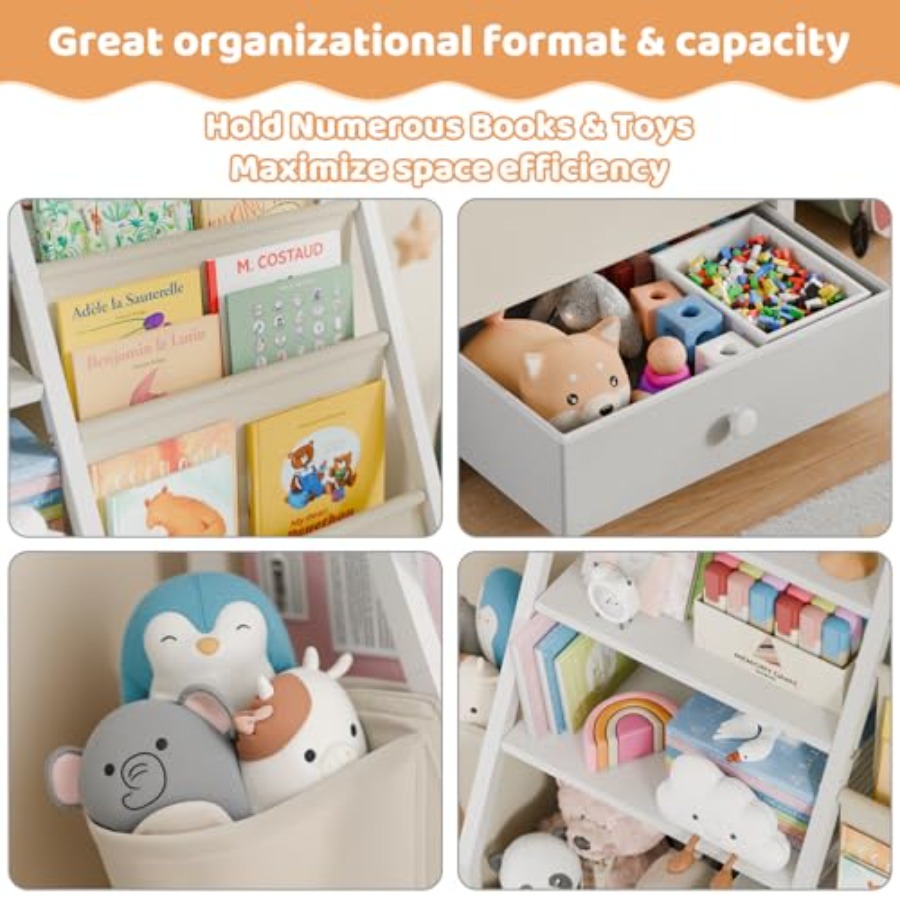 Bookshelf and Toy Storage - Bo - Baby Nursery Bookcase ulasan dan harga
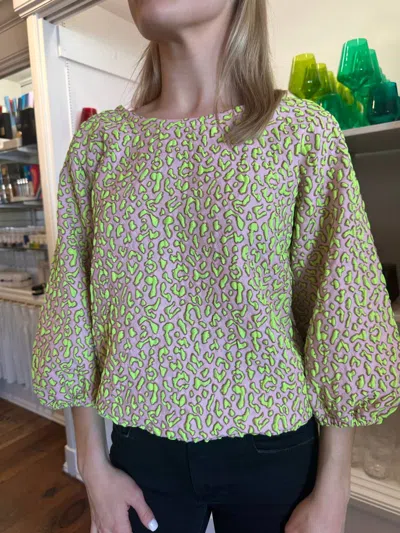 Patty Kim Go Lightly Top In Lime Leopard In Green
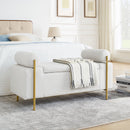 Elegant Upholstered Storage Bench With Cylindrical Arms And Iron Legs,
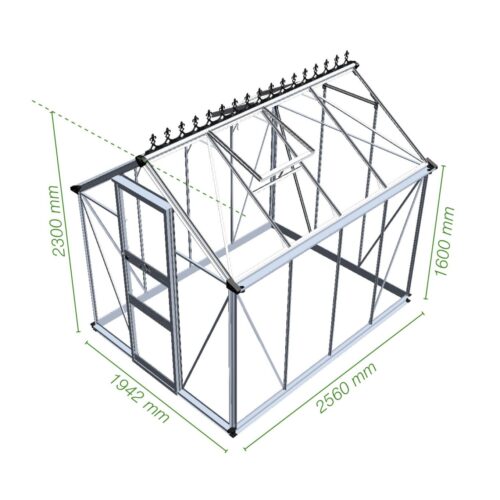 Tuinkas Burford 86, polycarbonaat, groen gecoat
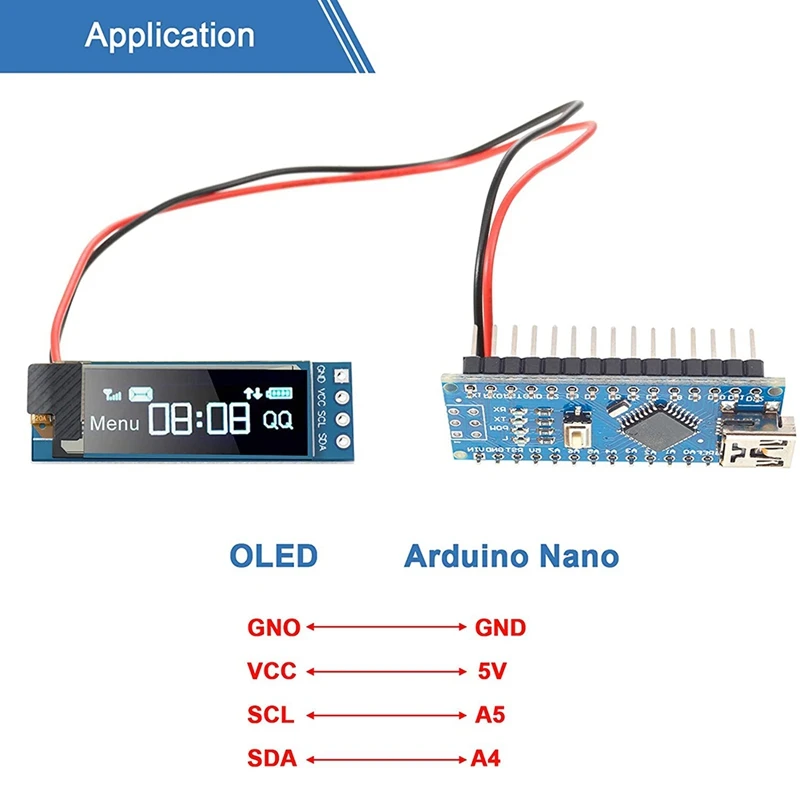 2 Pieces I2C Display Module 0.91 Inch I2C SSD1306 OLED Display Module Blue I2C OLED Screen Driver DC 3.3V - 5V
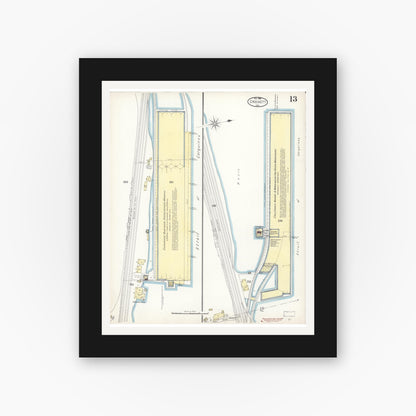 Old map wall art mockup — black gallery frame with white mat — Sanborn Fire Insurance Map from Crockett, Contra Costa County, California (1899), Sheet #0013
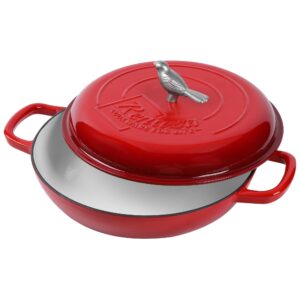 3.5 Qt Enameled Cast Iron Braiser Pan with Lid - With Customizable Knobs & Silicone Heat Grippers - Dutch Oven Cast Iron for Stir Fry & Baking - Braising Pan with Lid Oven Safe Upto 500F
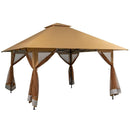 Brown 13 x 13 Ft Pop-Up Gazebo Outdoor Canopy w/ Mesh Mosquito Netting Sidewalls
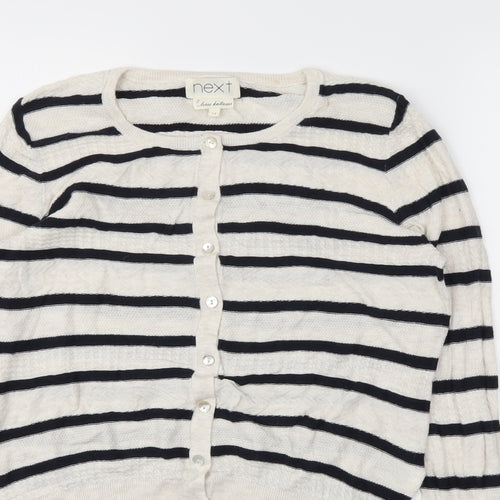 Next  Womens Ivory Striped  Cardigan Jumper Size 14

■ ■ ■ ■

Directions:
Exactly the lines from the line with "Old map wall" through the end of the data are to be reproduced, and no picture is to be included.

Response to the exercise:
 Old map wall art mockup — black gallery frame with white mat — Sanborn Fire Insurance Map from Crockett, Contra Costa County, California (1899), Sheet #0013
 3.5 Qt Enameled Cast Iron Braiser Pan with Lid - With Customizable Knobs & Silicone Heat Grippers - Dutch Oven Cast Iron for Stir Fry & Baking - Braising Pan with Lid Oven Safe Upto 500F
 Brown 13 x 13 Ft Pop-Up Gazebo Outdoor Canopy w/ Mesh Mosquito Netting Sidewalls
 Next  Womens Ivory Striped  Cardigan Jumper Size 14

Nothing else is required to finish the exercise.